I might eventually turn this question into a YouTube video someday. This represents where I stand on the question after just beginning my research. It is not as simple to answer as I had at first imagined.

Does Halloween have pagan origins?

Comments

Yes, excellent point.

Premodernist

1:10 - 2:33 thank you for the beautiful illustration of the Dunning-Kruger effect and, more importantly, for honest and laborous continuation on that journey to provide us the quality end result :)

Lukas Janecka

A small, and perhaps tangential point. In terms of counting when halfway between the equinox and solstices to determine the dates of the traditional Irish festivals on the Christian Calendar, wouldn't the inaccuracy of the Julian calendar, as well as the Milankovitch Cycles, specifically the Apsidal and Axial processions), mean that in the early middle ages they would have all been at different dates then they are in the present?

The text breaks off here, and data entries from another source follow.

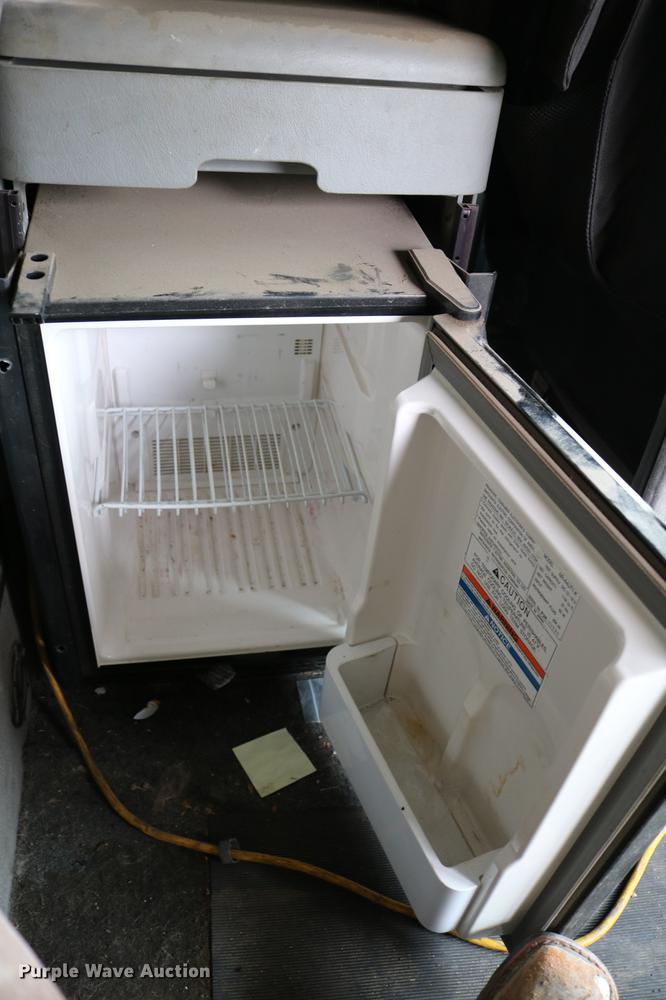 image for item DC3540 2003 Freightliner Century Class ST120 semi truck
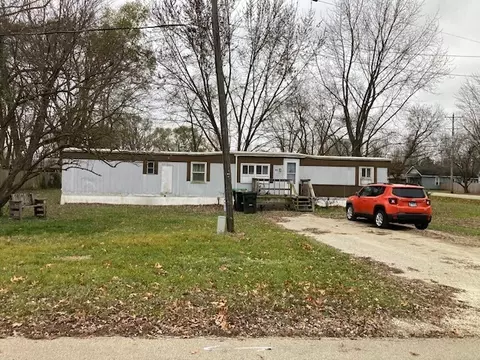 495 W 6th St, Braidwood, IL 60408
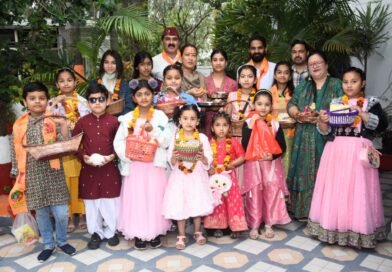 प्रकृति और परंपरा का संगम: कैबिनेट मंत्री रेखा आर्या ने बच्चों संग मनाया ‘फूलदेई’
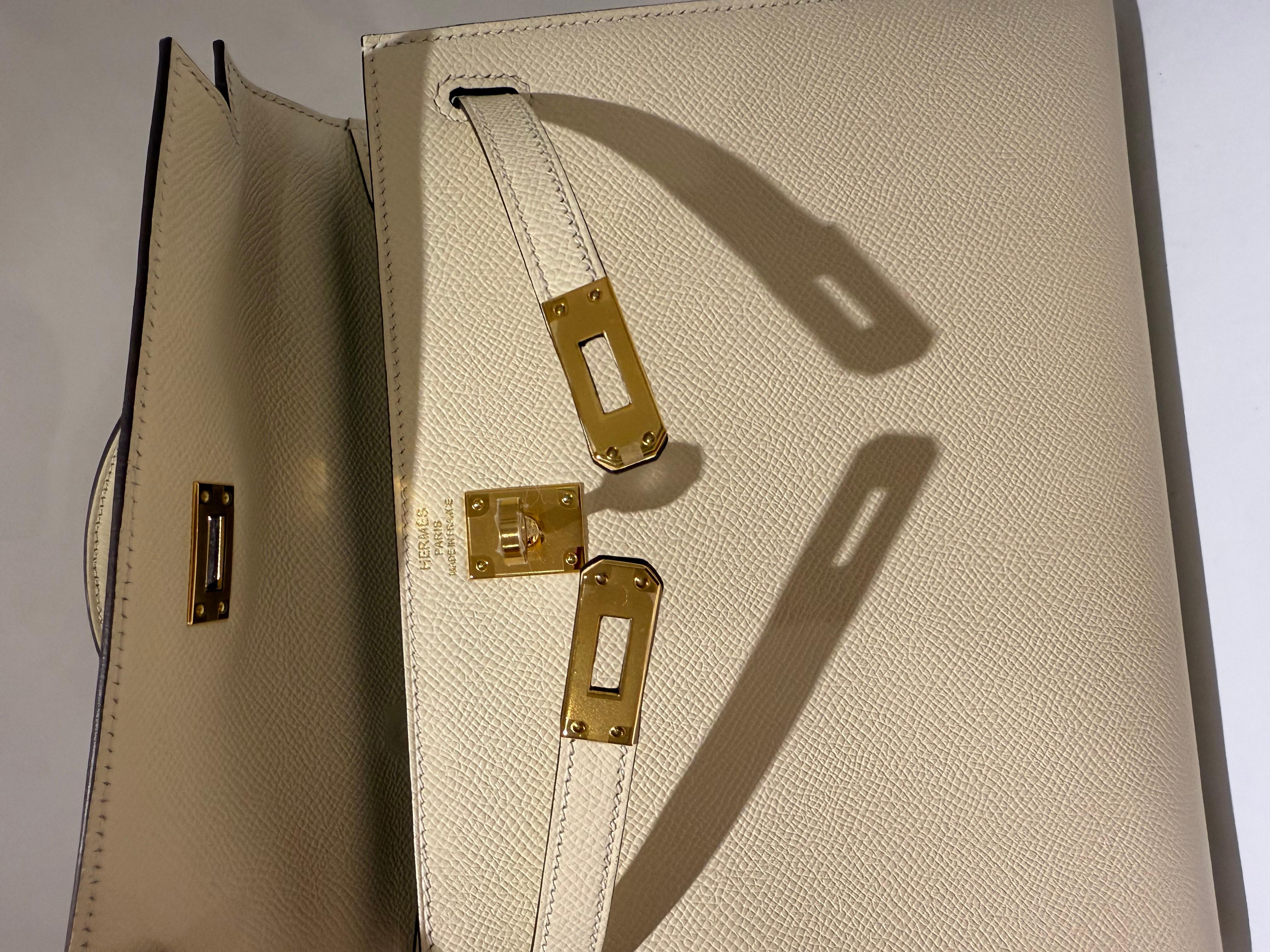 Hermes Kelly 25 Nata with gold hardware bag For Sale 1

This no doubt makes the whole business as to the accuracy of the halfway between calculation even more murky and suspect?

Andrew Burmester

I think your conclusions are the most reasonable one could make. We don't really know how much of the present day Halloween is of pagan origin, but the most likely explanation is that it has some pagan origin. Of course, this is far from certain knowledge, but everything seems to be pointing in that direction. I would add one more thing to the things potentially under consideration: where I come from, Halloween, if it is observed, is sort of a recent Americanism, but it coincides with our own "spooky" traditions, one of which is the Feast of St. Andrew, which is associated in folklore with witchy stuff, like telling the future from molten wax. And then you traditionally had "Dziady", or the more elegantly named "Feast of the Forefathers", which incorporated elements of the Christian All Souls' Day, but with some added non-Christian elements, like making food offerings on graves alongside the whole "souls returning to the world of the living" thing. There's a broad consensus here that the Feast of the Forefathers also has pagan origin, and it occurs to me that it's a similar case to Halloween in that we don't really know how much of it derives from the Christian Era and how much predates it. But I would say that it's fairly interesting that two rather geographically removed cultural areas, like Ireland and the Balto-Slavic World, would come up with two distinct traditions associated with the dead and the spooky, while also following the Christian calendar. If you compare it to Dia de los Muertos, they are all almost like textbook examples of the Church appropriating pre-Christian festivals for Christian purposes. In other words, syncretism. Unfortunately, we will never know for sure. The obvious problem here, aside from the rare Ogham inscription, the straightforward association between spread of Christianity and literary accounts means it's impossible to definitely separate what is Christian from what is pagan. It's sort of like with the Eddas, were they were both composed in the Christian era in spite of talking about an explicitly non Christian subject matter. Hopefully you can find some information on the 1000-1500 period. Also, in the context of "larpers", I think the neutral term in this case would perhaps be romanticists.